Infusion Pump Improvement Initiative
Like all medical devices, infusion pumps present benefits and risks. These devices have allowed for a greater level of control, accuracy, and precision in drug delivery, thereby reducing medication errors and contributing to improvements in patient care. At the same time, infusion pumps have been associated with persistent safety problems. As part of a balanced public health approach, the U.S. Food and Drug Administration (FDA) seeks to support the benefits of infusion pumps while minimizing the risks.
Through the Infusion Pump Improvement Initiative, FDA is taking broad steps to prevent infusion pump problems:
- Establish additional requirements for infusion pump manufacturers;
- Proactively facilitate device improvements; and
- Increase user awareness.
This comprehensive approach will foster the development of safer, more effective infusion pumps, and support the safe use of these vital medical devices.
Components of this initiative include:
- Draft Guidance to Industry and FDA Staff – Total Product Life Cycle: Infusion Pump Premarket Notification [510(k)] Submissions. The new draft guidance requests that additional information be included in premarket submissions for infusion pumps, above and beyond what has traditionally been provided. The guidance recommends that submissions include detailed engineering information concerning the product design and a more comprehensive discussion of steps the manufacturer has taken to mitigate risks in the design of the product and associated processes for its manufacture, servicing and maintenance, and use. The guidance also recommends additional design validation testing specific to the environment in which the device is intended to be used, alerts manufacturers that FDA may conduct pre-clearance inspections in certain circumstances, and emphasizes postmarket reporting requirements. FDA intends to undertake rulemaking to convert the guidance into requirements (special controls) that will apply to pumps under development and already on the market.
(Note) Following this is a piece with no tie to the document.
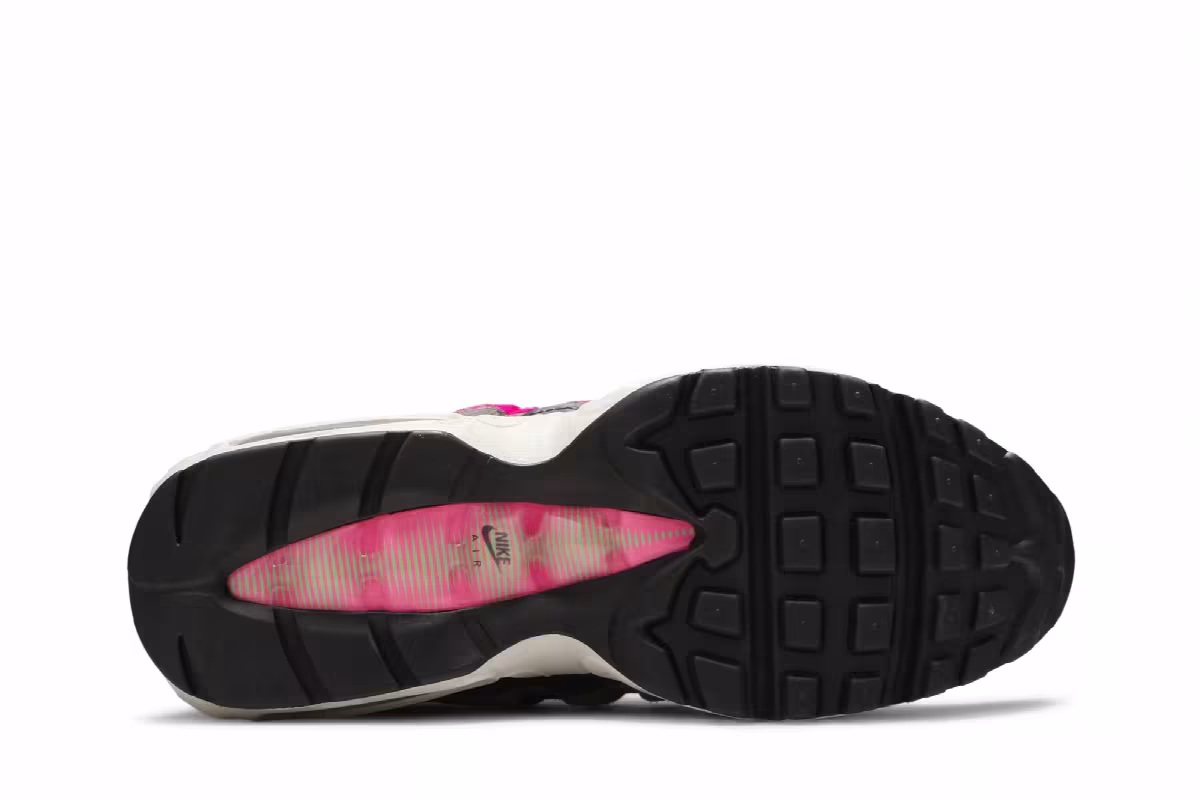 Nike Women's Air Max 95 Premium Animal Floral Prints, view 5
- Letter to Infusion Pump Manufacturers. On April 23, 2010, FDA sent a letter to infusion pump manufacturers, describing reported problems and noting that many of these are associated with design deficiencies. The letter suggests that “manufacturers may need to conduct additional assessments of new products or changes to products currently being marketed,” and recommends that they meet with FDA early in the development process to discuss evolving premarket submission requirements. Finally, the letter offers manufacturers the opportunity to voluntarily submit their software for review by FDA software experts prior to premarket review.
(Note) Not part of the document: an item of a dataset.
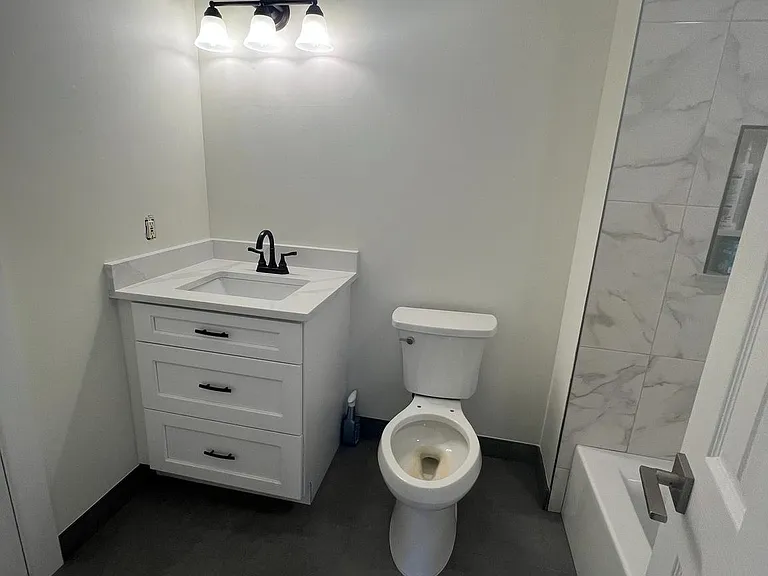380B Delancey Pl #B — Photo 20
- Infusion Pump Workshop. In a public workshop on May 25-26, 2010, FDA will discuss infusion pump problems and possible future actions. Specific topics of discussion will include the nature, scope, and impact of the problems currently being experienced; steps FDA is taking to improve the current premarket and postmarket regulatory processes; and opportunities for FDA, members of the academic community, industry, and others to work together to improve infusion pump design.
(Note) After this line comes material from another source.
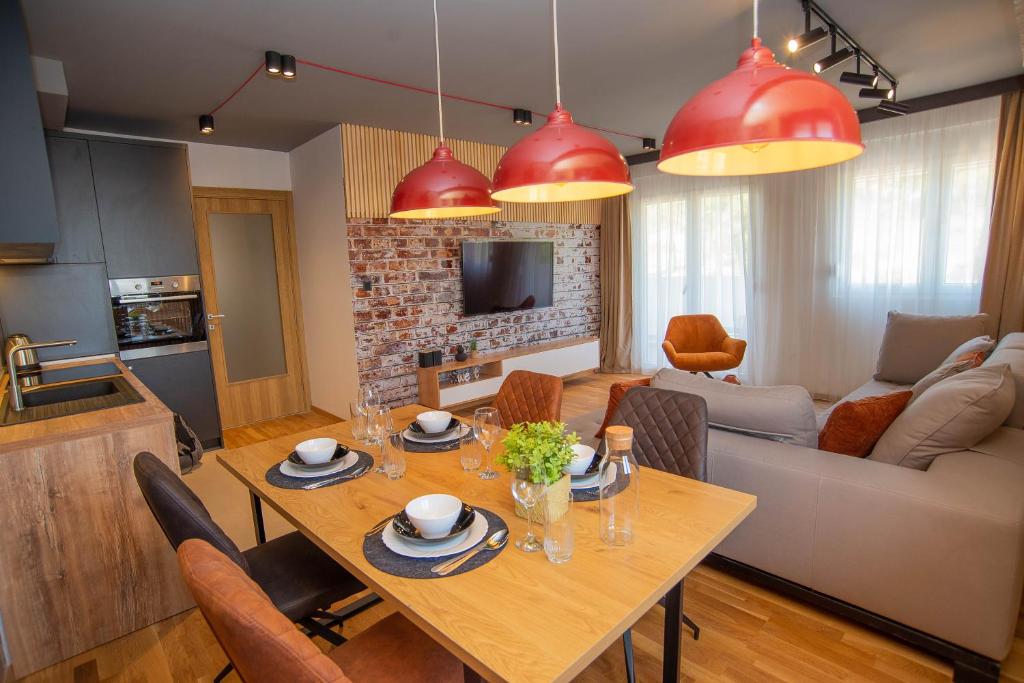 Stylish Two Bedroom Apartment at Ljubovic-Hill Park - 1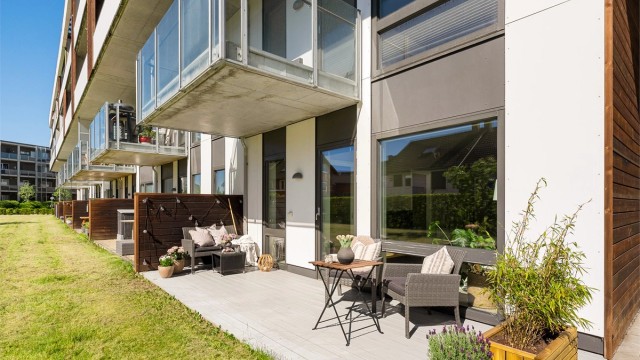 Velkommen til Tastatunet 22 - en fantastisk leilighet i nyere boligblokk med gjennomgående høy standard.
- Generic Infusion Pump Project. One of several ongoing collaborative research projects, the Generic Infusion Pump project is aimed at creating new tools and methods for manufacturers to use to develop software that is provably correct.
- Infusion Pump Website. FDA launched this website to provide information for patients, users, and other stakeholders about infusion pump problems, and to present potential strategies for reducing pump-related risks.